◆ Work order: Please copy every record below exactly and leave out the pictures.

═══ Exercise material

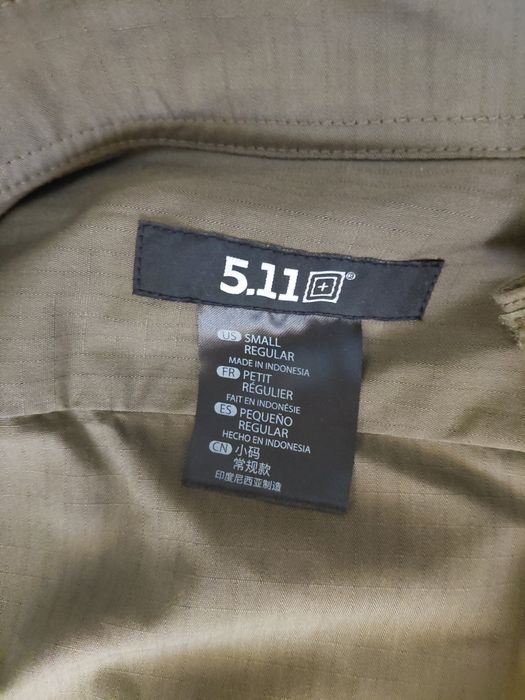 Форма 5.11 Tactical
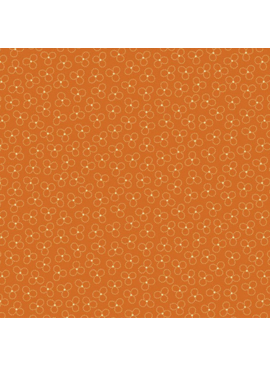 Andover Itsy Bits Trefoil Orange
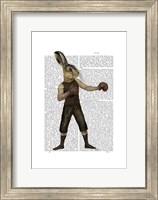 Boxing Hare Fine Art Print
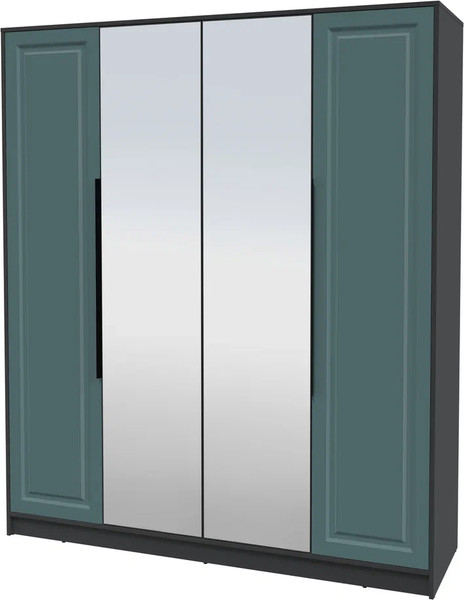 Шкаф Интерлиния Концепт КТ-Ш4з Деко - фото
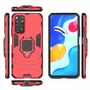 Handyh�lle Schutzh�lle f�r Xiaomi Redmi Note 11 Case Cover Bumper Etuis Standfunktion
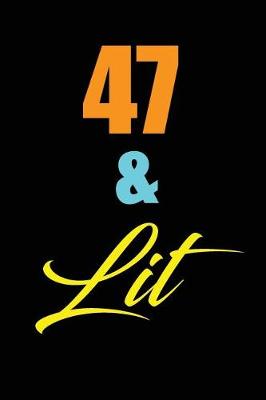 Book cover for 47 & Lit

══════

◆ Response to this exercise:
 Форма 5.11 Tactical
 Andover Itsy Bits Trefoil Orange
 Boxing Hare Fine Art Print
 Шкаф Интерлиния Концепт КТ-Ш4з Деко - фото
 Handyh�lle Schutzh�lle f�r Xiaomi Redmi Note 11 Case Cover Bumper Etuis Standfunktion
 Book cover for 47 & Lit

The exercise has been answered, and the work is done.